81
SEVENTEEN MILE DRIVE, FOUR DAYS LATER, FRIDAY, LATE AFTERNOON
Dan put down the weight, picked up his shrilling cell phone, grimaced when he saw the caller ID.
“Yeah?” he said.
“You haven’t been into the office all week,” declared MackStack acidly. “You avoiding me?”
“Nope.”
“I’m getting a kinda disappointed feeling here, Jacobsen.”
“Why? Couldn’t get it up last night?”
“Cute. Nothing on Falcon, nothing juicy on ARk Storm. Professional failure kind of disappointment.”
Dan glanced at Gwen. She was lying on a bench, pressing 140 pounds. Sweat ran down her face and she was breathing hard. Her hair fell from the bench, tumbling toward the floor. Her muscles bulged and shone. Her bandage covered half her forearm. She wasn’t supposed to be working out. Had a blithely contemptuous attitude toward personal injury, which he shared, and loved. She looked to him like a warrior princess. She looked magnificent. And oblivious.
Foreigner pumped from the speakers: “Dirty White Boy.” That was how Dan felt right now, and not in the good sense. He walked from the gym onto the lawn.
The sun was setting and the air was chill. Dan hunched in on himself.
“I get the feeling you’re getting sweet on the meteorologist,” murmured Mack, as if psychic. “It would be a shame,” he added silkily, “if she knew how you stage-managed your meeting with her. She might think you only got close to her to get close to her boss, to get yourself a story. Makes you a kind of prostitute in her eyes. Not to mention making a dupe of her.”
Dan stayed silent. Thought of fifty different ways to kill his editor.
“Stay on the job, Daniel.
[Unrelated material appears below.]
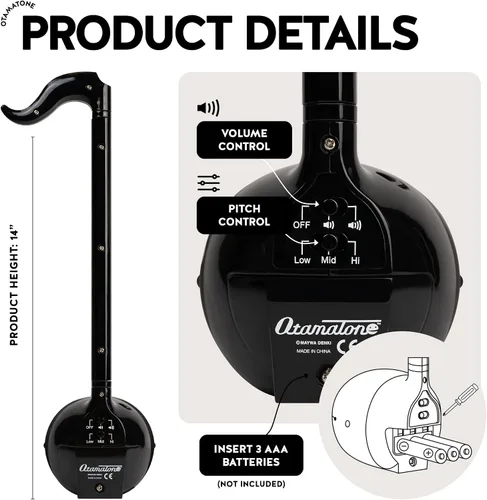 Vista 7 de Otamatone Instrumento musical electrónico japonés Sintetizador de música portátil de Japón por Maywa Denki Studio Award Awarding, regalo educativo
Deliver us what we need.”
“Adding blackmail to your box of tricks now, Mack?”
“What d’you mean, adding?”
Dan ended the call. He gazed out at the ocean: cool, blue, pure. It offered no comfort this time. He felt the darkness creep, remembered too much. The memories flooded back. No matter how hard you tried to wash your mind after a task, you never could. He shut his eyes. It would be so easy to pick up that mantle again, to do what he had done so effectively in years gone by for his country. He could do it for himself without a qualm. And, most likely, get away with it. What difference would it make to spill a little more blood?